There's one thing they're ignoring when they make this kind of distinction: You can't have one without the other.
If there's a single prerequisite for running an effective program, it's having the right administrative structures in place to do so. HR, compliance, reporting, fundraising, finance, IT — they're all critical factors in determining whether a program ultimately succeeds or fails.
Designating funding as programmatic merely forces nonprofits to be cheap, not prudent. With the majority of funding supporting programmatic work instead of the infrastructure needed to make such work possible, nonprofits are often forced to skimp on the very things that can ensure the efficacy and sustainability of their work.

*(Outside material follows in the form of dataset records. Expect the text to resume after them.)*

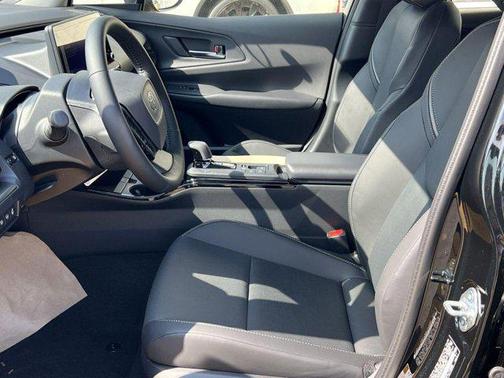 2025 Toyota Prius L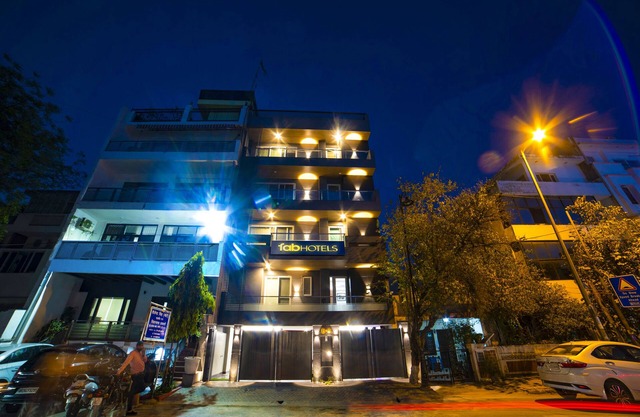 Fabhotel Exotica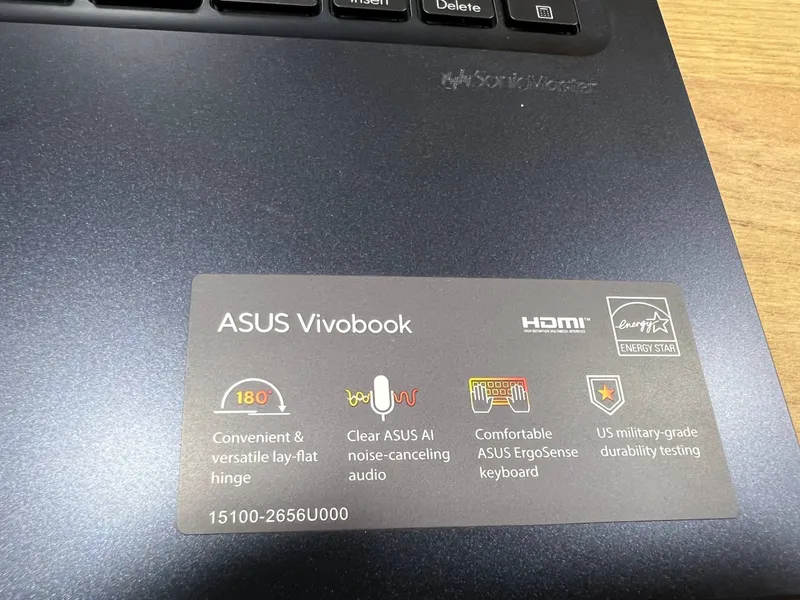 Asus vivobook 15 X1504VA 3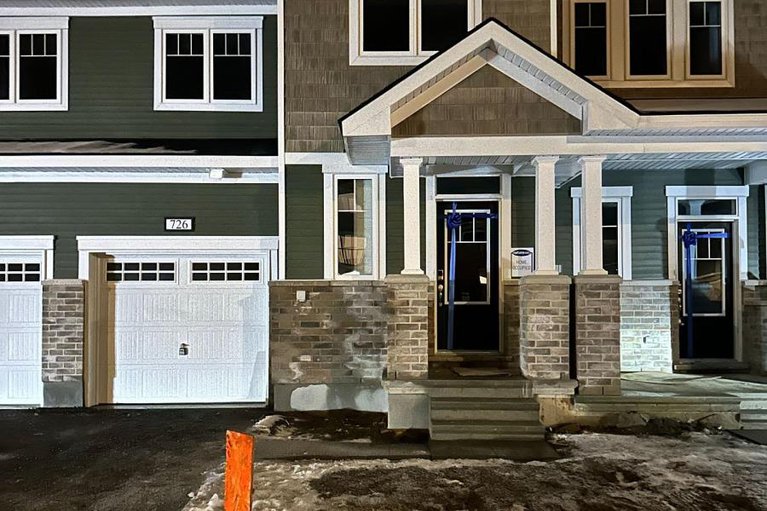 28330576/724-rouncey-road/emerald-meadowstrailwest/ottawa/ontario/K2S1B6_1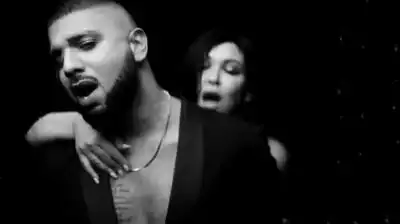 скачать клип Артем Качер and Ирина Дубцова - Под дождем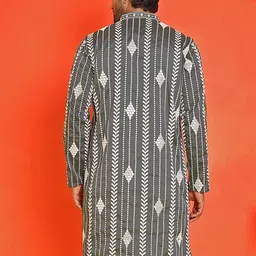Jompers Men Geometric Embroidered Mirror Work Kurta image 2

Unfortunately, there's no magic formula that funders can use when deciding how their grants should be allocated. If they want to be nimble and responsive, they need, instead, to be clear in their expectations and receptive to an organization's changing needs. Big administrative needs (like new software purchases or upgrading office space) are unlikely to be an annual expense, but when they are needed, the impact on an organization's budget — and programmatic work — tends to be outsized.
My big recommendation for funders? Start by asking grantees where they have had to cut corners. An organization's long-term success is a function of the health of the infrastructure that makes its work possible in the first place, and we as funders owe it to our grantees to cultivate a relationship with them that’s honest, open, and bi-directional.
Grantmakers have an opportunity in 2019 to shift their thinking on how responsible, responsive funding works. Let's help our grantees be as effective as they can be by investing in every aspect of their work and not just cherry-picking the things that appeal to us.